Describing the moment she first realised the monarch’s death was imminent, she said: “I read between the lines on that, because you don’t get a note saying the Queen is unwell if she’s got a bit of a cough or a cold.”
Ms Rayner said “the gravity” of the situation was underlined by the fact that they were prepared to interrupt such a big moment in Parliament.
“I was trying to get the note to him [Sir Keir] without being too dramatic, but also not knowing exactly what was going on, but I needed to get him out of the chamber,” she added.
“I kept the note and I was trying to think, how am I going to get it to Keir without totally ruining what he’s trying to say, because if someone is trying to give you information when you’re in the middle of speaking it’s the most distracting thing, so I was waiting for the opportunity to do it.”
When Ms Rayner looked over and caught the eye of Sir Lindsay Hoyle, the Commons Speaker, he indicated that she needed to get on with it. “He’s giving me the nod of ‘this is actually quite urgent’,” she said. “So I kind of knew that it was quite an important moment.”

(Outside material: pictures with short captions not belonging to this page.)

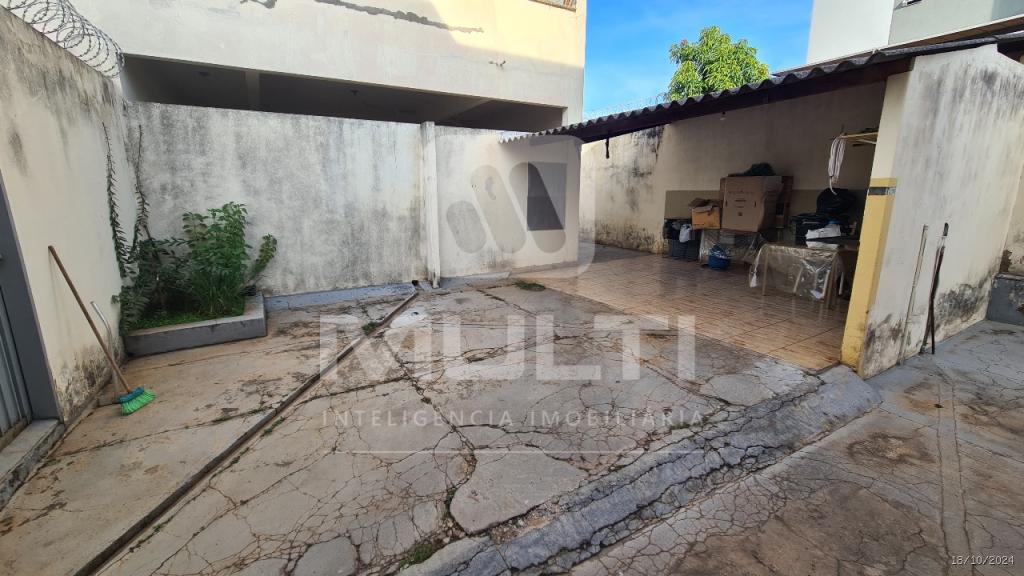 Prédio Inteiro à venda com 4 quartos, 361m² - Foto 14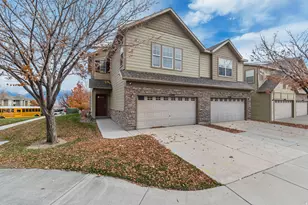13497 S Mimosa Circle, Riverton, UT 84096 - Photo 1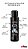 Gel Comestível Sexo Oral Power Black Ice Garganta Profunda - Imagem 2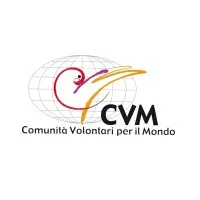 CVM - Comunita Volontari Per il Mondo Ethiopia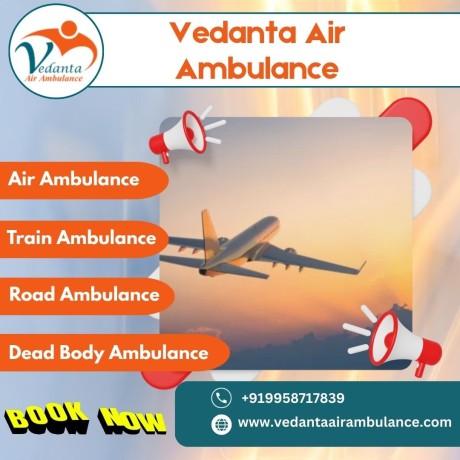 book-a-world-class-air-ambulance-from-lucknow-with-an-extraordinary-medical-system-via-vedanta-big-0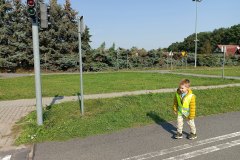 IMG_20240918_110245
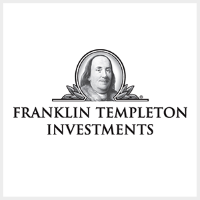 Logo of BEN - Franklin Resources
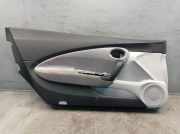 Türverkleidung Türpappe vorne links HONDA CR-Z (ZF) 1.5 HYBRID 84 KW 63550-SZT-G0-29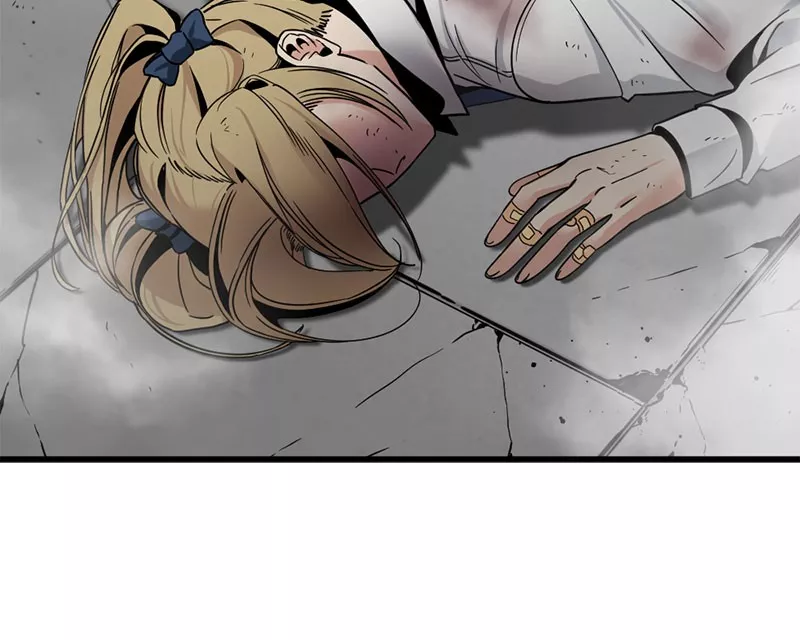 Read Hero Killer (Beolkkul) chapter 19 image 16 on Lezhin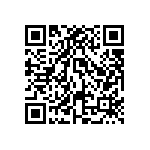 P51-1500-S-M-M12-5V-000-000 QRCode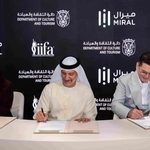 d616a6cfd6af-iifa-2027-return-to-yas-island-abu-dhabi-officially-announced-at-arabian-travel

Ms Rayner said she was also concerned about how and when the news of the Queen’s death might emerge and did not want that to happen before Sir Keir had been briefed.
“If Keir was at full throttle when the news broke, then I haven’t protected him from the circumstances,” she added. She said she recognised that events were “going to change everything”.
After leaving the chamber, Ms Rayner and Sir Keir were briefed by Simon Case, the Cabinet Secretary, and learned of the monarch’s death shortly before it was announced that evening at 6.30pm.